Bij de aanvankelijke rechtszaak, vorig jaar, ontstond discussie over de verjaringstermijn van de tenlastegelegde feiten. De rechtbank sprak de verdachten toen vrij omdat een aantal feiten zouden zijn verjaard en andere beschuldigingen niet konden worden bewezen. Het hof gaat daar nu tegenin.
De twee militairen die zijn veroordeeld voor bedreigingen, krijgen een taakstraf van zestig uur. Volgens het hof hebben zij drie soldaten ‘op een niet mis te verstane wijze bedreigd’ in de wapenkamer van de kazerne.
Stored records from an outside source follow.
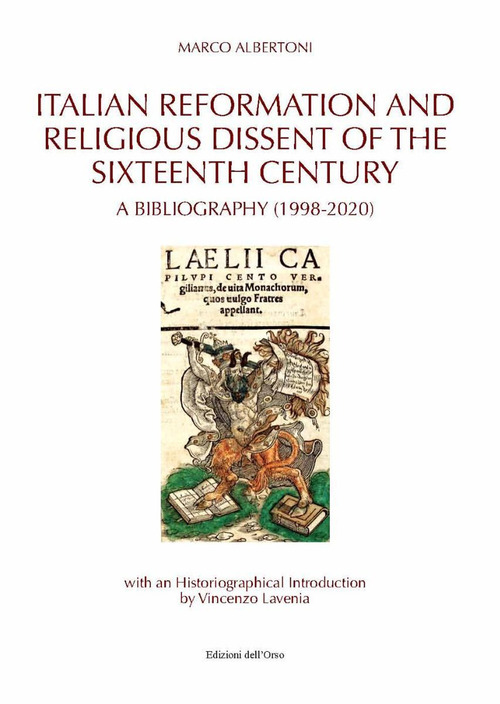 Italian reformation and religious dissent of the sixteenth century. A bibliography (1998-2020)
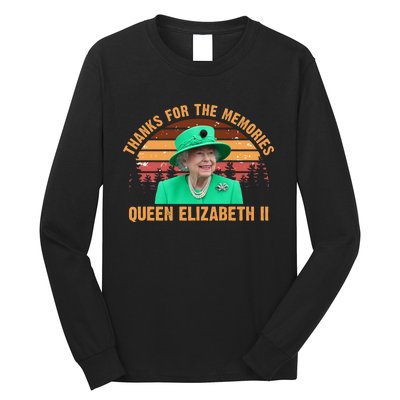 Thanks For The Memories Queen Elizabeth II Long Sleeve Shirt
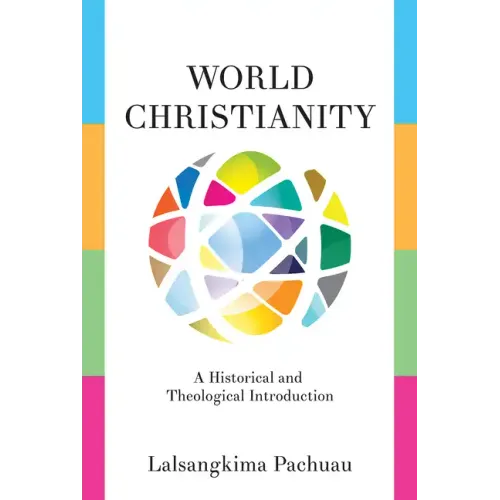 World Christianity: A Historical and Theological Introduction - Paperback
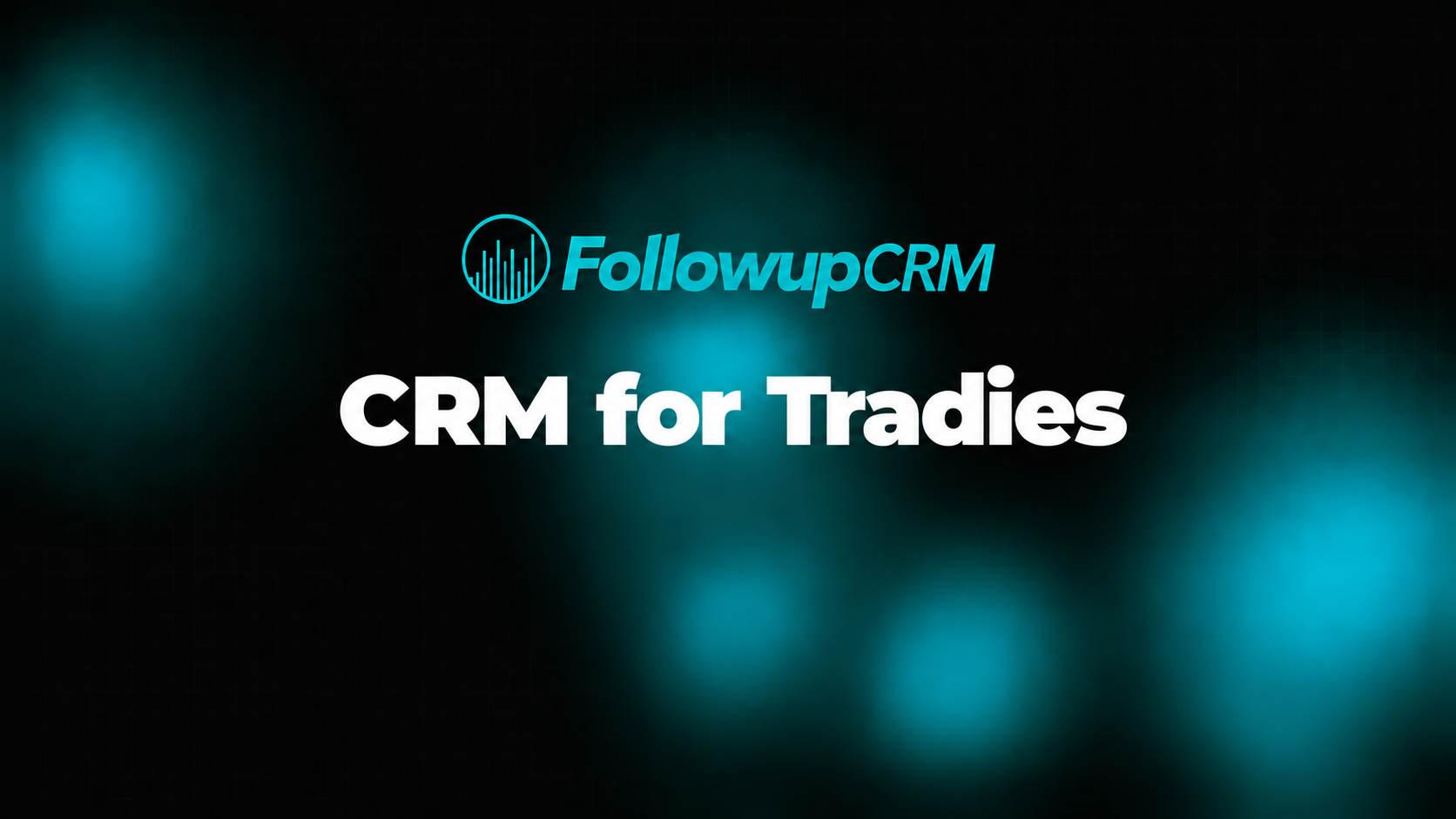 CRM for Tradies: 5 Best Options for 2026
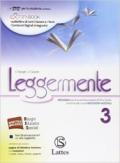 Leggermente. Per la Scuola media. Con DVD-ROM. Con e-book. Con espansione online vol.3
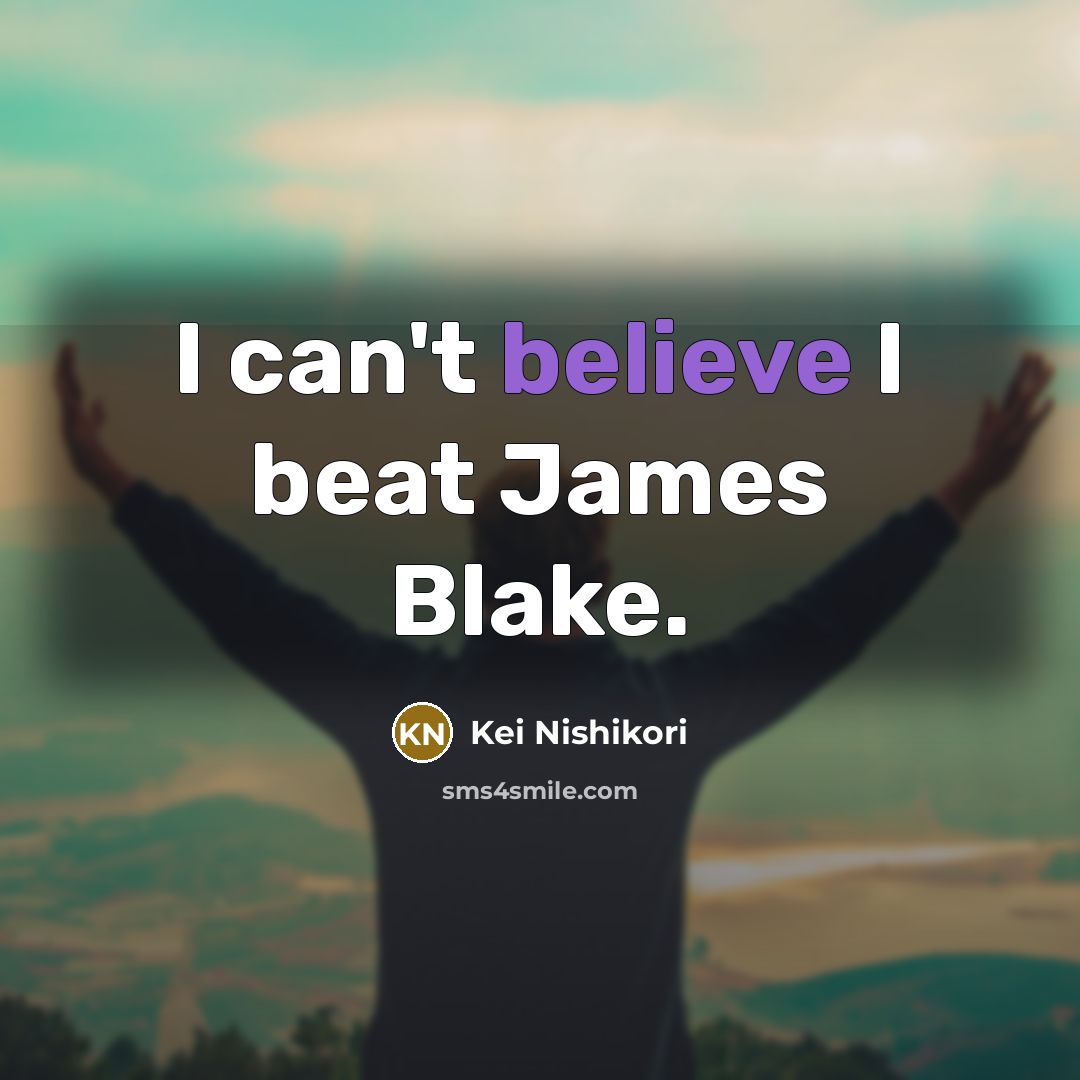 “I can't believe I beat James Blake.…” quote by Kei Nishikori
Dit gebeurde nadat de drie soldaten melding hadden gemaakt van misstanden binnen de mortiergroep.
‘Gevoelens van angst’
Het hof neemt het de twee daders ‘zeer kwalijk’ dat zij zich als korporaal hebben misdragen, terwijl ze als leidinggevenden juist een voorbeeldfunctie hadden. ‘Desondanks een mindere bedreigen, getuigt van militair onwaardig gedrag’, aldus het hof. ‘Dergelijke feiten zorgen bovendien voor gevoelens van angst en onveiligheid bij de slachtoffers van de bedreigingen.’
Een derde militair heeft zich volgens het hof schuldig gemaakt aan militaire aanranding. ‘Hij is als militair met zijn ontblote onderlichaam op de hoofden/gezichten van twee soldaten gaan zitten, terwijl twee andere militairen hen op de grond tussen zich in vastgeklemd hielden’, aldus het hof.
Opluchting
Voor een van de slachtoffers, die destijds in deze krant zijn verhaal deed onder de naam Allan, is de uitspraak een enorme opluchting. ‘Het doet recht aan wat hem allemaal is overkomen’, aldus zijn advocaat Ruth Jager. Dat de daders wegens gebrek aan bewijs niet zijn veroordeeld voor zwaardere feiten, zoals mishandelingen en bedreigingen met een vuurwapen en mes, vindt het slachtoffer wel wrang. Jager: ‘Maar voor hem is het goed om te horen dat het hof niet twijfelt aan zijn verklaring. Er is eindelijk naar hem geluisterd.’